Reed Johnson had a nice piece in Sunday’s Los Angeles Times that I just got around to reading this morning. It’s a nice overview of what’s taking place in the media world today, and I recommend reading it. Here’s a snippet:

Still, while network CEOs and newspaper publishers wring their hands and mutter darkly about the “balkanization” of civic consciousness, the electorate is finding new ways to stay informed. “If you type ‘Sam Alito’ into [blog search engine] Technorati, you get thousands of results,” says Pang (Alex Soojung-Kim Pang, research director of the Institute for the Future, a Silicon Valley think tank). “There clearly are a lot of people across the political spectrum who are blogging about this person and whether he should be on the Supreme Court…The collective mind of the blogosphere turns out to be a reasonably good news editor.”
This article does a good job of presenting the lengths to which people are going in the creation of their own media and in the deconstruction of the mainstream.

These kinds of articles are especially important for mainstreamers, because a lot of people simply don’t believe the facts. In comments to a post on Lost Remote yesterday, one writer said:

I just don’t think most people want to do all the work required to find out about stories that matter to them. That is why they turn on the news… cause they trust them to do it and do it well.
This is a prevalent and dangerous assumption, because once people discover the fascinating world of unbundled media — and how easy it is to automatically bring what interests them to their own desktop — they realize that it’s no work at all. Moreover, it is the pig of young people that’s just entering the python that don’t find any of this “hard,” and with this involvement in their own media choices comes a sense of participation in the process that’s hard to measure right now.

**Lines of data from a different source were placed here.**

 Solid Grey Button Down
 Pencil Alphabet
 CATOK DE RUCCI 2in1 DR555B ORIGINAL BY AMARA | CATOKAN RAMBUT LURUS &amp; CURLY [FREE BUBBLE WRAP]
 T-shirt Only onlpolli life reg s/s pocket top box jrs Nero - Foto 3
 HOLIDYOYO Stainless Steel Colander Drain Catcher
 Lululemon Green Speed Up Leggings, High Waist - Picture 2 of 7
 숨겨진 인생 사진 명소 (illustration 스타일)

Trust the media? Gallup’s research shows that trust in the press is at an all-time low.

Like all top-down media, we mistakenly think that people are lazy (and stupid) and need us to do all their work for them. Articles like the one above show that’s an illusion — and one we would do well to remove from our consciousness.

Comments

  1. Terry- While the LATimes article seems a touch deterministic, you hit it on the head with your response to the ‘lazy’ and ‘stupid’ masses comment. There are two important things to note: (1) Once a non-geek discovers how easy it is to operate an RSS feed reader, they never surf the same way again, and (2) editors in traditional media need to re-evaluate what it means to be a journalist and their opinions of their viewers/readers. Rupert Murdoch cut to the quick on April 14 — "…reporters and editors think their readers are stupid. In any business, such an attitude toward one’s customers would not be healthy. But in the newspaper business, where we rely on people to come back to us each day, it will be disastrous if not addressed," said Murdoch.

    Full Speech: http://www.smh.com.au/articles/2005/04/14/1113251729950.html?oneclick=true

  2. Thanks, Ian. I’ve actually been searching for that quote. You rock!